Perhaps the greatest pleasure of “The Adventures of Tintin” is its visual aesthetic. Jackson insisted that instead of doing a live-action movie on Tintin, it should instead be shot performance capture style. After thirty seconds of footage, you can see that Jackson was right; the digital characters pop out of the screen in frighteningly real high definition (every fiber of Tintin’s blue sweater can be counted), while still retaining a colorful comic book feel. The animation duties were flawlessly handled by Weta Digital, the Jackson co-founded digital visual effects company that’s won five Academy Awards for Best Visual Effects for films like “The Lord of the Rings: The Fellowship of the Ring” and “Avatar.”
Dotting the eye-catching scenery are characters that bubble over with individualized personalities that seem more lifelike than many humans. This is due in large part to the film’s trio of seasoned scriptwriters: Steven Moffat (“Doctor Who”), Edgar Wright (“Shaun of the Dead”), and Joe Cornish (“Attack the Block”). After Moffat wrote the script’s first draft, he was tugged away from the Tintin project due to his increased involvement with the “Doctor Who” television series. Wright and Cornish tag-teamed on the rewrite, and boy, did they do a fine job of melting humor, suspense, and drama into a crispy treat of dialogue that goes down smooth. These characters may be fictional cartoons, but they demand your attention when they speak. My only complaint with the screenwriting is its jagged plot structure. Moffat and company don’t allow any buildup in the film’s beginning to let viewers get to know Tintin; you’re just thrown into the middle of his life as if you’ve known his personality and tendencies for years. This may confuse many non-readers of the Tintin comics. Also, the climax doesn’t have any sufficient escalation and happens uncomfortably fast. I was looking forward to a better showdown between Tintin and Sakharine.

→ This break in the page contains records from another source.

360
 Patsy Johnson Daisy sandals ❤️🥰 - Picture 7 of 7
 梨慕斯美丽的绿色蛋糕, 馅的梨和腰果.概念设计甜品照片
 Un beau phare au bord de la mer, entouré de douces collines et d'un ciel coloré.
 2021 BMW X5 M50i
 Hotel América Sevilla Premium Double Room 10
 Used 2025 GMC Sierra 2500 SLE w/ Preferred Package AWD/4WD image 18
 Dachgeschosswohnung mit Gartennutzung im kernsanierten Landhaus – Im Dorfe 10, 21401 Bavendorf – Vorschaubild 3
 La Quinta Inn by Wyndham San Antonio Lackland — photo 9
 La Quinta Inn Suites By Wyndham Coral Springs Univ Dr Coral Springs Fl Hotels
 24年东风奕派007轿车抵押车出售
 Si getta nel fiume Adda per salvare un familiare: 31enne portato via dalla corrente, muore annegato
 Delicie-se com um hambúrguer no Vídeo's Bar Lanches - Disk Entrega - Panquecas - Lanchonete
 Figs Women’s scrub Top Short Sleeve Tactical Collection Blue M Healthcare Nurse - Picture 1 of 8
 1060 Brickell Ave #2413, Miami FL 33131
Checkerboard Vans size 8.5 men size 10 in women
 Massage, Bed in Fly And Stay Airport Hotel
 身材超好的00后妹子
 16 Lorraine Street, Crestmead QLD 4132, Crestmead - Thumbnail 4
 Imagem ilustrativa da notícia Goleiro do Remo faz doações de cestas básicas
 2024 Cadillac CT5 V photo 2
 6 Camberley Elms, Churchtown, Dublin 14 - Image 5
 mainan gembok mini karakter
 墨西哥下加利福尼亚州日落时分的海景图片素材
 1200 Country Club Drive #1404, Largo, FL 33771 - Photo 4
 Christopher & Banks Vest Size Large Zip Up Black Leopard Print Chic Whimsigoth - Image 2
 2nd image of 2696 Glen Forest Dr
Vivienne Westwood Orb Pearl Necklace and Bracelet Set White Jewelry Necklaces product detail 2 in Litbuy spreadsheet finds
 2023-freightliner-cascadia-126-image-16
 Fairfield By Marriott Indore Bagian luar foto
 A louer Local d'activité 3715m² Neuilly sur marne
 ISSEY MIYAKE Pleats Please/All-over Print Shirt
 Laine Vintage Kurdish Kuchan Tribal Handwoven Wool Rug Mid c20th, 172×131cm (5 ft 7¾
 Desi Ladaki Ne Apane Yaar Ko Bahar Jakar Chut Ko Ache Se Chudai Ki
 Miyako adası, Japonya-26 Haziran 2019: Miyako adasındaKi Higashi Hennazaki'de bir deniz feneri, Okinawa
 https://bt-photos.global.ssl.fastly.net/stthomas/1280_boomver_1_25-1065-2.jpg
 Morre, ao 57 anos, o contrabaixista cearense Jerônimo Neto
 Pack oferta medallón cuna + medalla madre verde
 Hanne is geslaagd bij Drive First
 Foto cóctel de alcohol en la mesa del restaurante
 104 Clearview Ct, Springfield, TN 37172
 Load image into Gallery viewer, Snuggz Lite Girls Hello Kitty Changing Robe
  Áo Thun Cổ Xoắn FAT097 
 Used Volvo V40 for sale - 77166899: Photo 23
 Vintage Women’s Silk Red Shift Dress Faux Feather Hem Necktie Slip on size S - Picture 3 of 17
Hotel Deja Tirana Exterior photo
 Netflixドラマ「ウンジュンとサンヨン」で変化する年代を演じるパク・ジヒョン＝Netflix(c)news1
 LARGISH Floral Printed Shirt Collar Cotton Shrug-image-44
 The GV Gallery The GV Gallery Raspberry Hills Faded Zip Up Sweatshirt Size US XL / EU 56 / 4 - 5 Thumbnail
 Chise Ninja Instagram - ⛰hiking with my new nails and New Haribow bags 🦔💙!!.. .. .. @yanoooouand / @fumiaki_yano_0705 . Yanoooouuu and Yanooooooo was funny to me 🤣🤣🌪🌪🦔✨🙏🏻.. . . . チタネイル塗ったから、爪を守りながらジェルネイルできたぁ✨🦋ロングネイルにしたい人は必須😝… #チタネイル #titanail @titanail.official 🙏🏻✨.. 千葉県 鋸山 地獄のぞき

Tintin, the leading man, is brought to life with the earnest, high-pitched voice of Jamie Bell. A native Englishman, Bell is a rising star to keep an eye on. He’s had significant supporting roles in recent films like “The Eagle” and “Retreat,” but hasn’t taken the reigns in some time, so it was interesting to see a guy who’s name isn’t well-known take command of an epic retelling of a classic tale. Bell does a good job balancing determination with fear in the pitch and speed of his voice; Tintin comes across as a likeable guy because of this range.
Staggering at Tintin’s side through the latter half of the film is the drunken seaman, Captain Haddock (Andy Serkis). Fans of “The Lord of the Rings” trilogy know Serkis as the voice of Gollum, the raspy-voiced, cave dwelling creature that tries to steal the ring from Frodo. This time around, Serkis’s voice is almost unrecognizable. Instead of the squeaks and shrill cries of Gollum, Serkis displays a gruff, deep bellow that hangs in the air whenever Haddock speaks.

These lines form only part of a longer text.